With a single announcement, NASA is nearly doubling the number of known planets outside our solar system. In a pair of papers published today, NASA has revealed the discovery of 715 new and verified planets, bringing the total number of known exoplanets up to 1,700. The planets were found orbiting around 305 different stars, forming multiple-planet systems with constructions much like our own. The planets too bear some resemblance to ours: 95 percent of them are no more than four times larger than Earth.
"A veritable bonanza of new worlds"
But while the new planets' sizes and systems may be familiar, they aren't necessarily just like Earth. NASA found that only four of the planets orbit inside of their sun's habitable zones. Still, its researchers are excited to see these similar characteristics at all. "That these new planets and solar systems look somewhat like our own, portends a great future when we have the James Webb Space Telescope in space to characterize the new worlds," John Grunsfeld, a NASA administrator, says in a statement.
The new bodies were discovered by using a statistical technique that pointed to systems that were likely to hold multiple planets at once. From there, researchers at NASA's Ames Research Center analyzed the stars with more than one potential planet and worked through them to verify the 715 planets announced today.

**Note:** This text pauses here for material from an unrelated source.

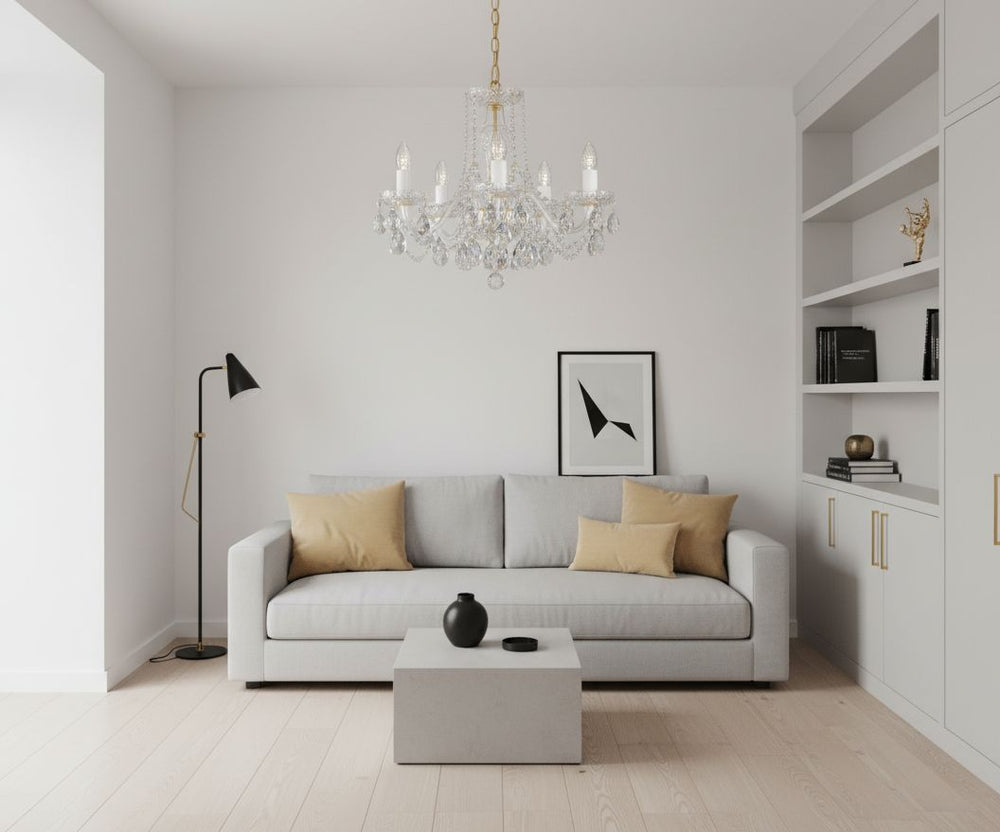 Designix Showroom in Lyon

"Four years ago, Kepler began a string of announcements of first hundreds, then thousands, of planet candidates — but they were only candidate worlds," Jack Lissauer, one of the Ames research team's leaders, says in a statement. "We've now developed a process to verify multiple planet candidates in bulk to deliver planets wholesale, and have used it to unveil a veritable bonanza of new worlds."

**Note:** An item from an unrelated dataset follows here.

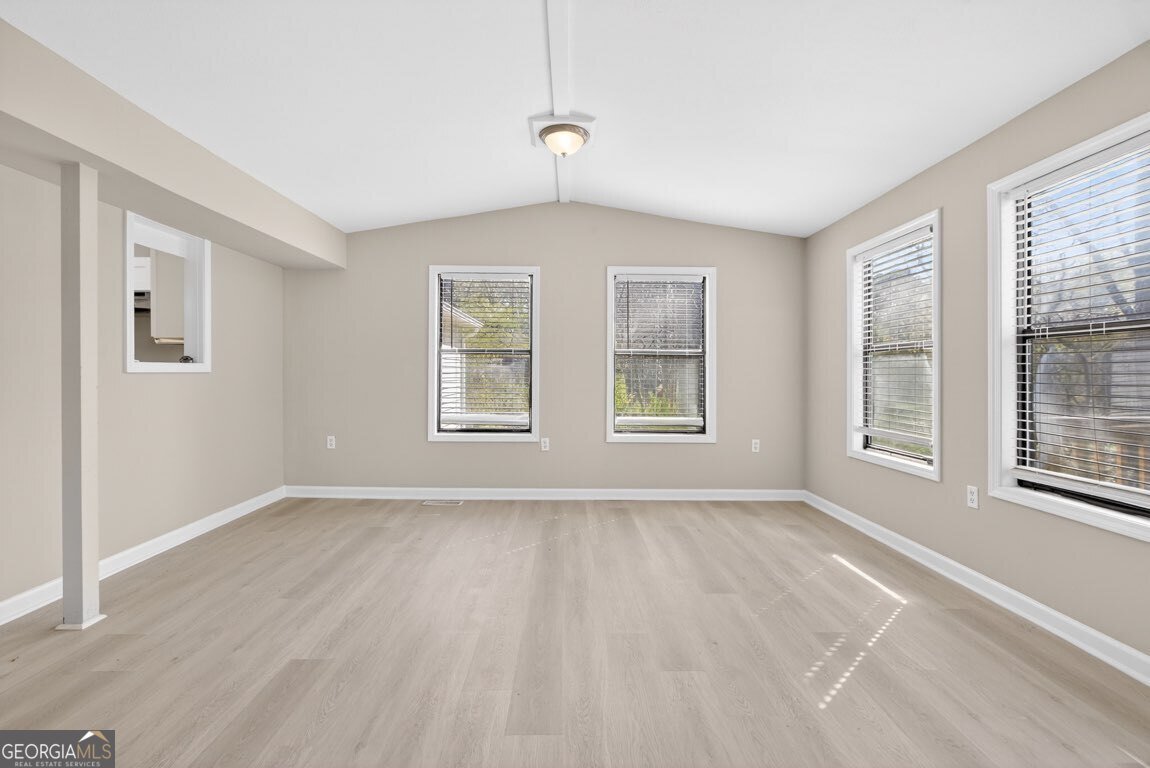1436 Sage Brook Court Lawrenceville - Photo 21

The discovery is expected to help the study of planet formation and planetary system configuration. While NASA's Grunsfeld points to the upcoming Webb telescope as a necessity for deeper analysis, we may still see more out of the Kepler mission. This discovery came out of data collected by the Kepler telescope during its first two years of activity, from 2009 to 2011; and while it looked like Kepler would have to be abandoned back in August, NASA is now looking to give it a second life in hopes of discovery even more new planets.